Italian rescue divers have found four bodies inside the sunken luxury yacht, amid the search for six missing people including British tech entrepreneur Mike Lynch.
Dr Mike Lynch and five others are officially classified as missing, after a yacht owned by the Lynch family capsized and sank in the early hours of Monday 19 August, off the coast of Sicily during a freak storm.
One of the two bodies found in the hull is said to be a “heavily built man, and those two bodies have been taken ashore at Porticello for formal identification. Another two bodies were found by divers later.
The identities of the four people found Wednesday afternoon have not yet been officially confirmed at the time of writing.
Mike Lynch had been hosting an event for staff aboard the yacht Bayesian. The yacht was named after Lynch’s research in Bayesian probability theory, which was the basis of his work in technology.
Lynch’s wife Angela Bacares and 14 other people, including a 1-year-old girl, were rescued aboard a life raft.
The British-flagged Bayesian was carrying 12 passengers and 10 members of crew when it got into difficulty at around 4.30am on Monday, the Italian coastguard said.
Eyewitnesses said the yacht heeled, or tipped onto its side, in the extreme weather until it began taking on water.
The Bayesian “went flat on the water, and then down”, Karsten Borner, the captain of a nearby vessel, told journalists.
The Italian fire rescue service believe the six people unaccounted for are inside the hull.
Rescue divers can only search the wreck for 10 minutes at a time, and the rescue inside the wreck is reportedly being hampered by furniture and other debris.

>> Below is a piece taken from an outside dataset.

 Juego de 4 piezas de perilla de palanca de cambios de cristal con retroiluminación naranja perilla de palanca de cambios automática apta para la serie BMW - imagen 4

On Tuesday the body of chef Recaldo Thomas had been found near the wreck during the search operation.
The missing individuals are Dr Mike Lynch, his 18-year-old daughter, Hannah Lynch, non-executive chairman of Morgan Stanley International Jonathan Bloomer, his wife, Judy Bloomer, Chris Morvillo, a lawyer at Clifford Chance who represented Lynch and his wife, Neda Morvillo.

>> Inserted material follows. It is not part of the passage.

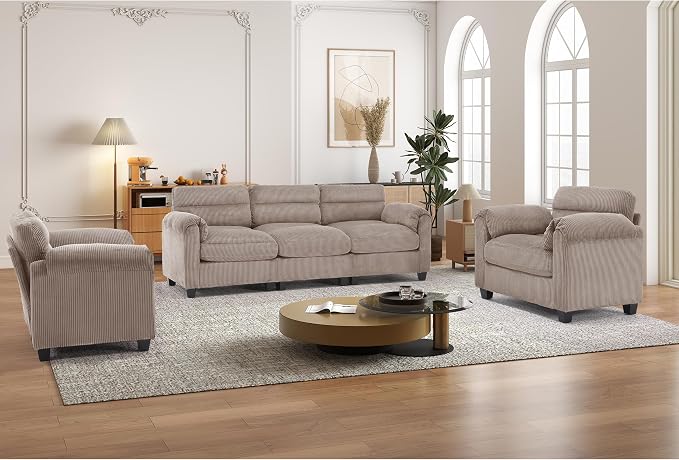 HAOMARKETS Corduroy Sofa Set, Upholstered Armchair Set of 2 and 3-Seater Sofa by HAOMARKETS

A team of four British inspectors from the Marine Accident Investigation Branch (MAIB) reportedly arrived in Italy, according to the PA news agency reported.
But the Italian Coastguard reportedly said the MAIB are not involved in the search for the missing people and that it did not request assistance.
Lynch, known as the Bill Gates or Steve Jobs of Britain, has spent much of the past decade defending his name.
In June a jury in San Francisco cleared him of all fraud charges he had faced over the $11bn (£8.6bn) sale of his software firm Autonomy to Hewlett-Packard in 2011.
Lynch had faced one count of conspiracy and 14 counts of wire fraud in the trial for allegedly trying to inflate the company’s revenues beginning in 2009, partly in order to lure a buyer.
The trial had lasted 11 weeks, and saw Lynch take the stand to testify in his own defence.
The jury acquitted Lynch on all 15 felony counts facing him, that could have resulted in a 20 year prison sentence if found guilty.
In a strange twist of fate, Stephen Chamberlain, the former vice president of finance of Autonomy who was co-defendent in a US fraud trial alongside Mike Lynch, died this week after being struck by a car in Cambridgeshire.
Chamberlain was killed after being hit by a vehicle while out running on Saturday.
The driver of the vehicle, a 49-year-old woman from Haddenham, remained at the scene and is assisting officers with their inquiries.
The incident occurred about 48 hours before Lynch and five others went missing off the coast of Sicily when his yacht sank after being struck by a freak waterspout, or seaborne tornado.